AI models trained to write formal mathematical proofs are getting better feedback — mid-attempt, not just after.
Researchers have found that Lean, a widely used formal proof assistant, can do more than check whether a completed proof is correct. During training, Lean can evaluate each individual proof step — called a tactic — and flag exactly where reasoning first goes wrong. The team parsed proof attempts into tactic sequences, used Lean's internal type-checking to mark which steps were locally sound, and fed that fine-grained signal back into a reinforcement learning objective. Models tested include STP-Lean and DeepSeek-Prover-V1.5, and the approach outperformed outcome-only training on benchmarks including MiniF2F and ProofNet.
Most reinforcement learning from verifiable rewards works on a binary signal: right or wrong, full stop. Using a symbolic system as a step-level oracle is a meaningful shift, because it gives the model something closer to how a human tutor corrects work — pointing at the first bad line rather than just returning a failing grade.
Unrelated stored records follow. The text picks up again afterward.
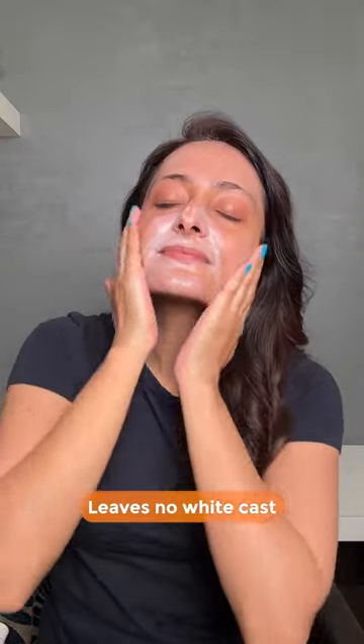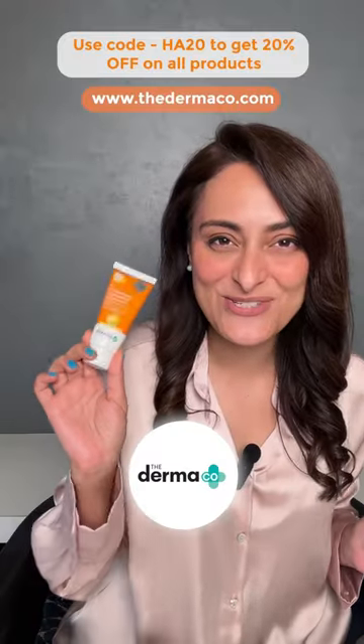It also has SPF 50 and PA++++ and leaves no white cast. It is super lightweight and sweat resistant. Are you excited to try this?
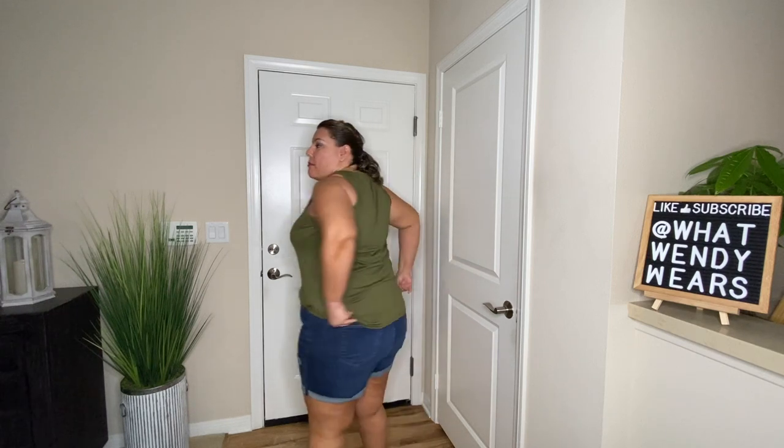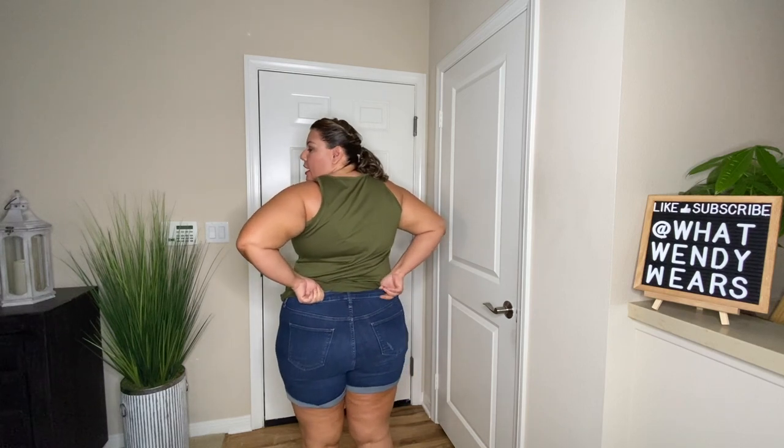The shorts are from Target — their Universal Thread line. They are distressed. I purchased these in a size 18 and I'm thinking I should have gone down because I have a lot of extra room in the crotch area, which I don't like. But I do like the length since they're not super short. The back fits really well with good coverage, and I love the rolled edge at the bottom — they are not cut off. Some of the other shorts I have do have a raw hem that we'll take a look at.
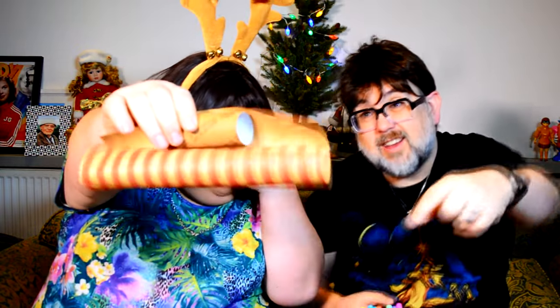So what you do — get your roll and you put it in the middle of your paper. Can you see that? Put the roll in the middle of the paper. Then you roll it up nice and tight, and you fasten that down with some sticky tape.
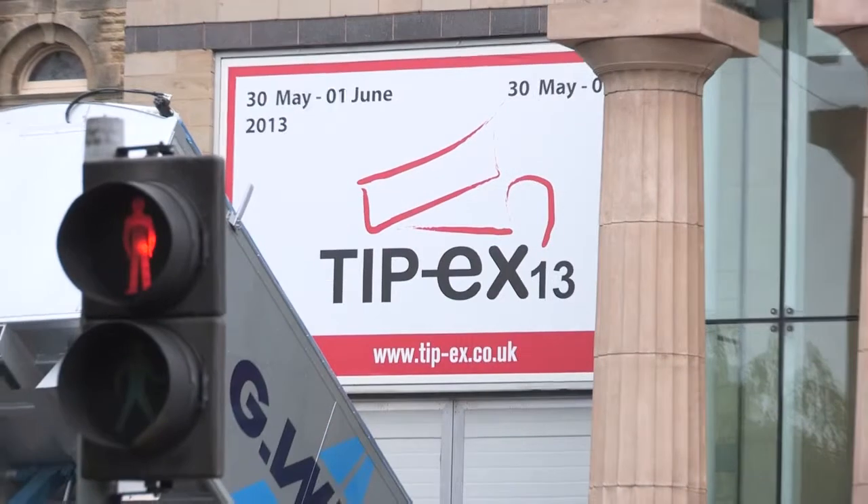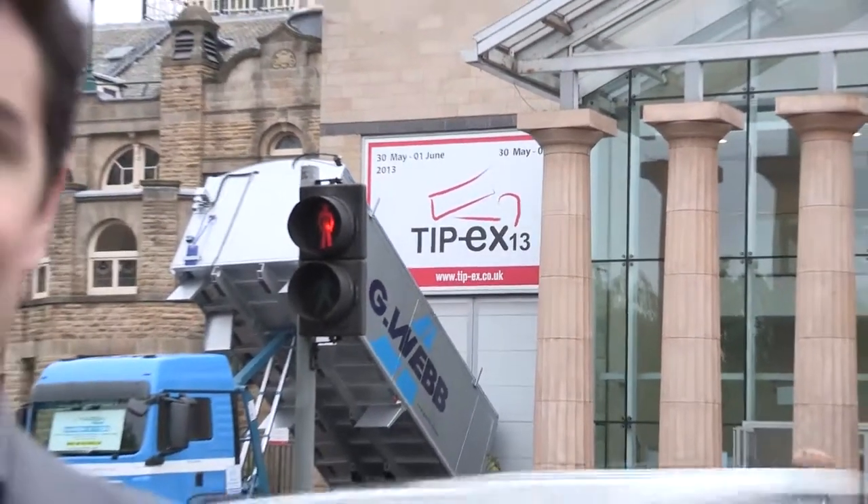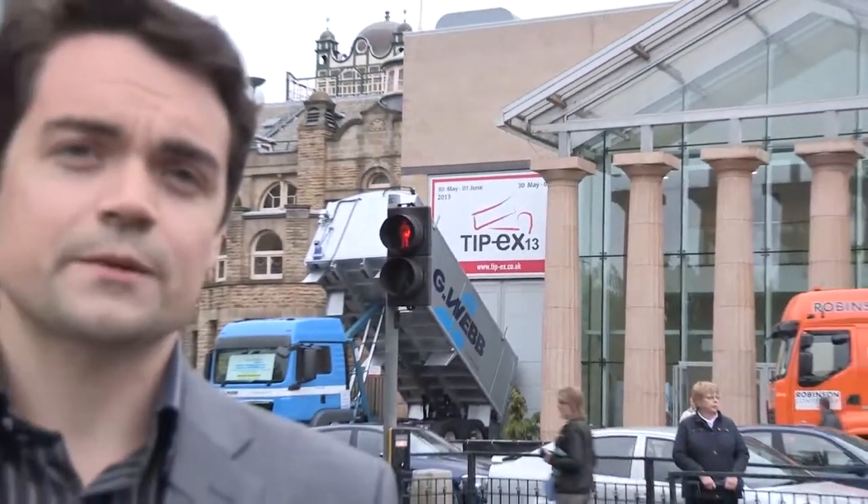When it comes to the haulage industry, payload is king, and that's why bodybuilders will look for the latest innovations to give their vehicles the lowest possible curb weight. We've come to the Tippex show in Harrogate to speak to Edbro, part of the Joss Group, about the unveiling of the newest version of the CX-14 cylinder.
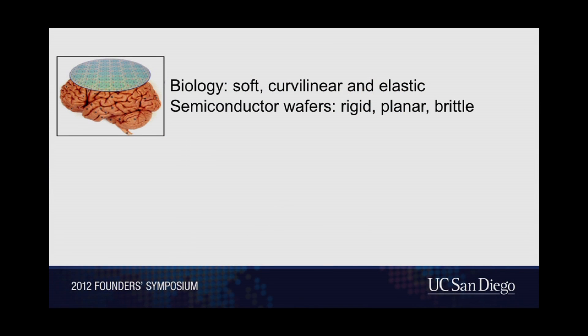The reason is a serious contrast. On one hand, we have biology, which is soft, curvilinear, and elastic. On the flip side, the building blocks of electronics and sensors are semiconductor wafers — they're flat, rigid, and planar. This fundamental mismatch is what makes it so hard to integrate electronics comfortably with the human body.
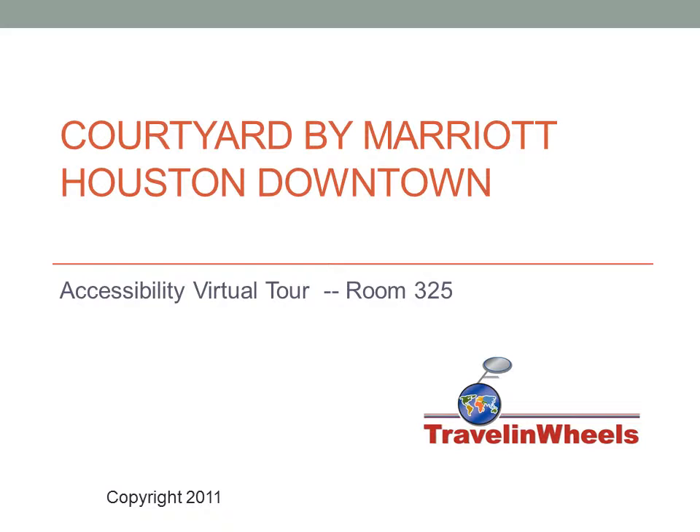Welcome to Traveling Wheels Accessibility Virtual Tour of the Courtyard by Marriott, Houston Downtown, Room 325.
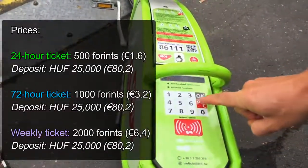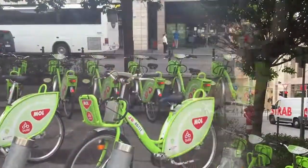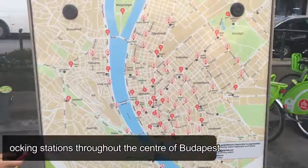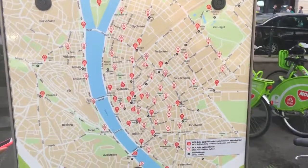Isn't it great? It does explain it on the signs. And there are some funky maps showing where you can leave your bike.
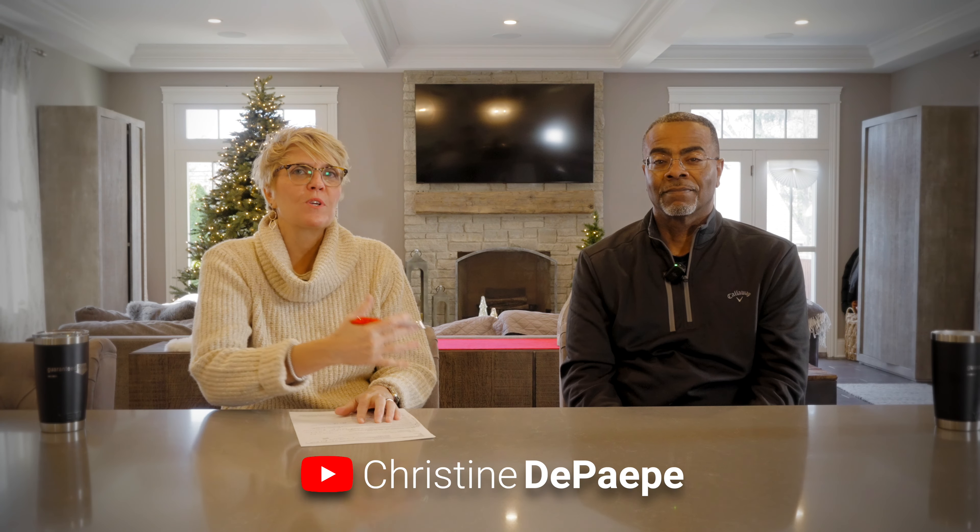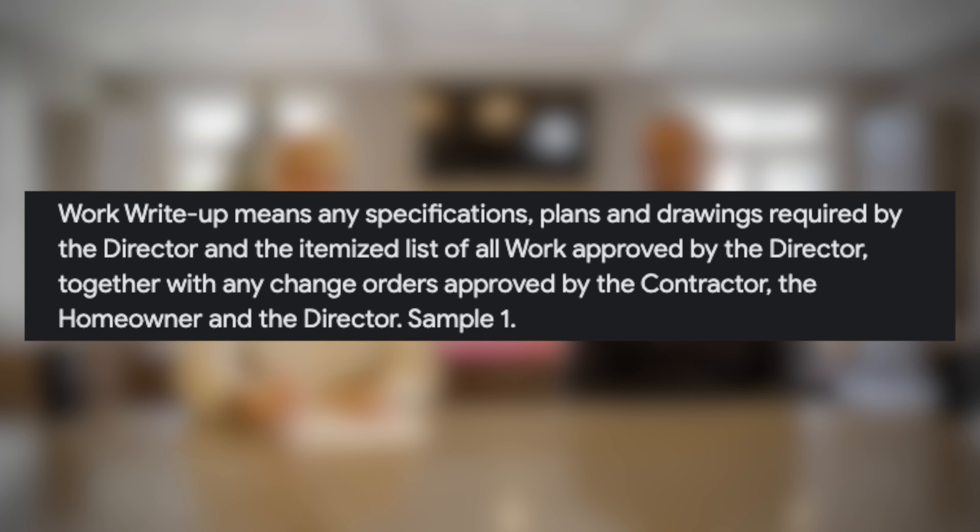Hi, this is Christine. I'm here today with Gerald Stewart, our local HUD consultant. Today I'm going to ask a little bit about the work write-up. It's called the Specification of Repair — the acronym is SOR.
That density of feedback, grounded in formal logic rather than a neural model's judgment, is harder to game than softer reward signals.
The approach is narrow by design — formal proof verification is a domain where you can get reliable automated feedback at all, which is precisely why it works. The harder question is whether anything like this transfers to domains where no Lean-style oracle exists, and so far that answer remains open.